• **Task item**
Give back every record verbatim, but not the pictures.

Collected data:
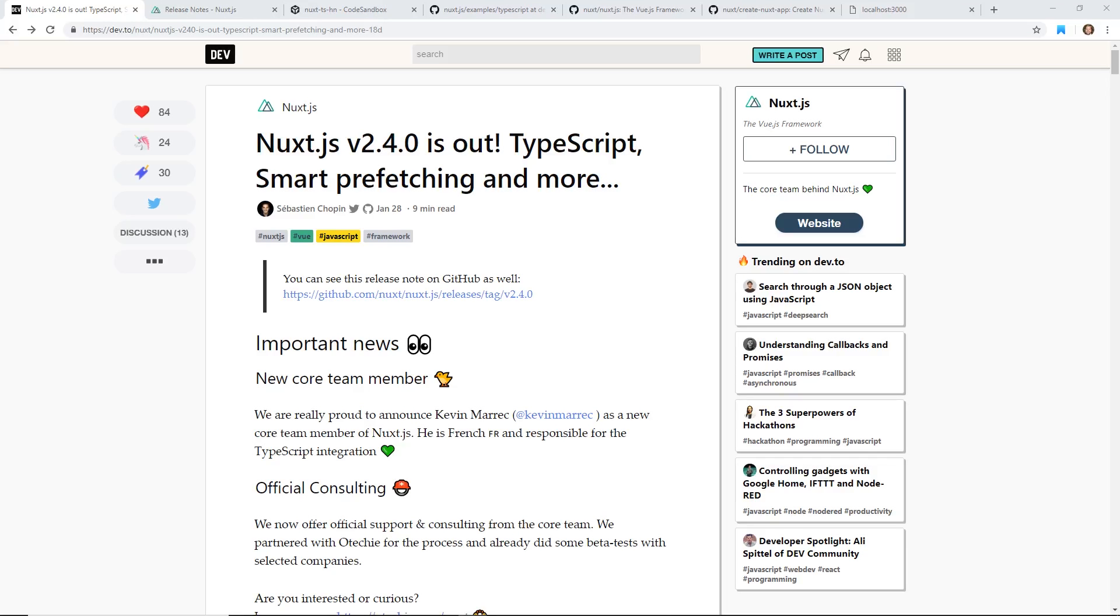Hey developers, today we're going to have a quick tour of Nuxt.js version 2.4. Just came out. I'm going to talk about some of the features, the blog post that came out, and we're going to take a quick look at a few programs. So stay tuned.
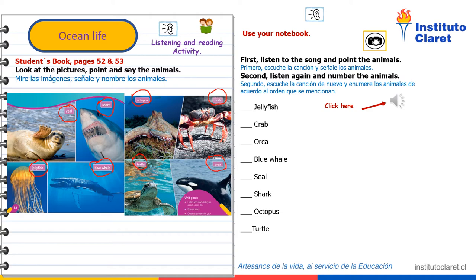Use your notebook. Use su cuaderno. First, listen to the song and point the animals. Primero, escuche la canción y señale los animales. Students book, page 52. Track 33. Listen and sing.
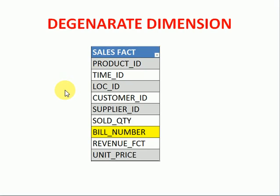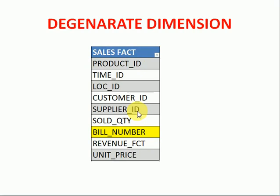In other sessions we have already discussed other dimensions. Degenerate Dimensions means, if you look at this diagram I have a fact table. Normally fact tables have foreign keys and whatever measures you have, like sold quantity if you are talking about a sales fact, revenue fact, maybe unit price.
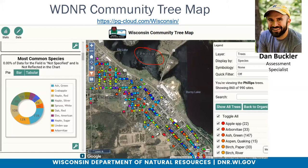An audience member asks if the Wisconsin Community Tree Map is publicly accessible — yes, it is. You can Google 'Wisconsin Community Tree Map' and navigate to it pretty quickly. You can look at all the communities, click on the little dots, and it will tell you things like 'this is an ash tree and it's 15 inches in diameter.'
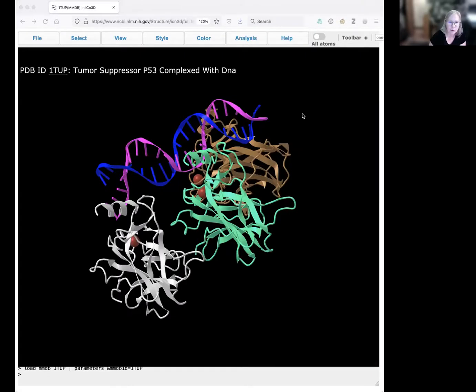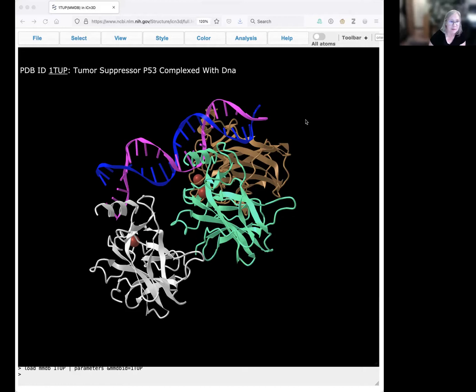Hi, this is Sandra Porter, and I'm going to show you how you can find salt bridges, also known as ionic bonds, using ICN3D.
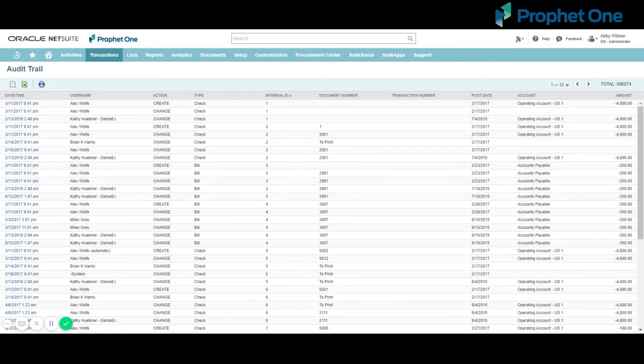the internal ID, the transaction number, the posting date of the transaction change, the account affected, and the amount.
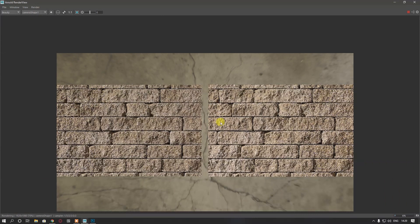And here we go. Now we have a low poly plane with the diffuse and displacement map, and we also have our high poly mesh which we converted from the displacement map and diffuse map.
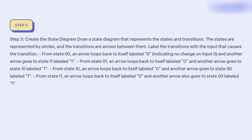Step 3: Create the state diagram. Draw a state diagram that represents the states and transitions. States are represented by circles and transitions are arrows between them, labeled with the input that causes the transition. From state 00, an arrow loops back to itself labeled 0 (no change), and another arrow goes to state 11 labeled 1. From state 01, an arrow loops back labeled 0, and another goes to state 10 labeled 1. From state 10, an arrow loops back labeled 0, and another goes to state 00 labeled 1. From state 11, an arrow loops back labeled 0, and another goes to state 00 labeled 1.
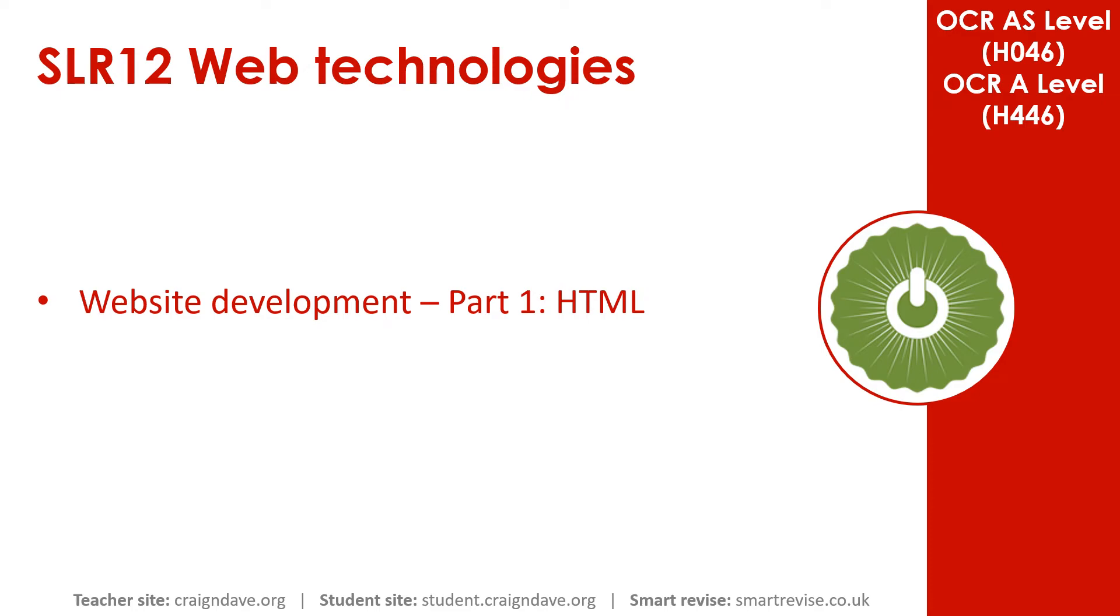This video is part one in our three-part series on website development. In this video, we look at HTML.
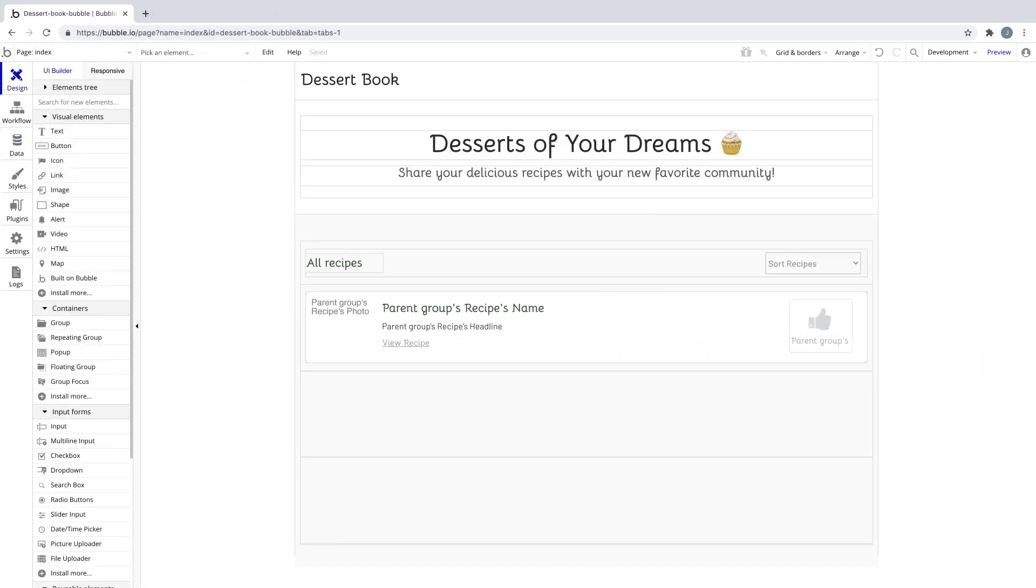To illustrate option sets in practice, we have our recipe sharing application that we built in our crash course, Build Your First App. In this app, users upload recipes to share and upvote with others. But until now, we had no way of categorizing these recipes.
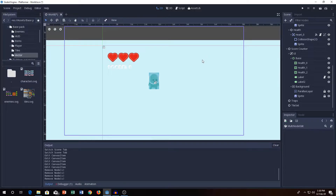Hey guys, this is Cryptic Coding here back with another game development episode on this channel. Today, we will be dealing with Tile Maps.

• **Answer below**
Hey developers, today we're going to have a quick tour of Nuxt.js version 2.4. Just came out. I'm going to talk about some of the features, the blog post that came out, and we're going to take a quick look at a few programs. So stay tuned.
Use your notebook. Use su cuaderno. First, listen to the song and point the animals. Primero, escuche la canción y señale los animales. Students book, page 52. Track 33. Listen and sing.
In other sessions we have already discussed other dimensions. Degenerate Dimensions means, if you look at this diagram I have a fact table. Normally fact tables have foreign keys and whatever measures you have, like sold quantity if you are talking about a sales fact, revenue fact, maybe unit price.
An audience member asks if the Wisconsin Community Tree Map is publicly accessible — yes, it is. You can Google 'Wisconsin Community Tree Map' and navigate to it pretty quickly. You can look at all the communities, click on the little dots, and it will tell you things like 'this is an ash tree and it's 15 inches in diameter.'
Hi, this is Sandra Porter, and I'm going to show you how you can find salt bridges, also known as ionic bonds, using ICN3D.
the internal ID, the transaction number, the posting date of the transaction change, the account affected, and the amount.
And here we go. Now we have a low poly plane with the diffuse and displacement map, and we also have our high poly mesh which we converted from the displacement map and diffuse map.
Step 3: Create the state diagram. Draw a state diagram that represents the states and transitions. States are represented by circles and transitions are arrows between them, labeled with the input that causes the transition. From state 00, an arrow loops back to itself labeled 0 (no change), and another arrow goes to state 11 labeled 1. From state 01, an arrow loops back labeled 0, and another goes to state 10 labeled 1. From state 10, an arrow loops back labeled 0, and another goes to state 00 labeled 1. From state 11, an arrow loops back labeled 0, and another goes to state 00 labeled 1.
This video is part one in our three-part series on website development. In this video, we look at HTML.
To illustrate option sets in practice, we have our recipe sharing application that we built in our crash course, Build Your First App. In this app, users upload recipes to share and upvote with others. But until now, we had no way of categorizing these recipes.
Hey guys, this is Cryptic Coding here back with another game development episode on this channel. Today, we will be dealing with Tile Maps.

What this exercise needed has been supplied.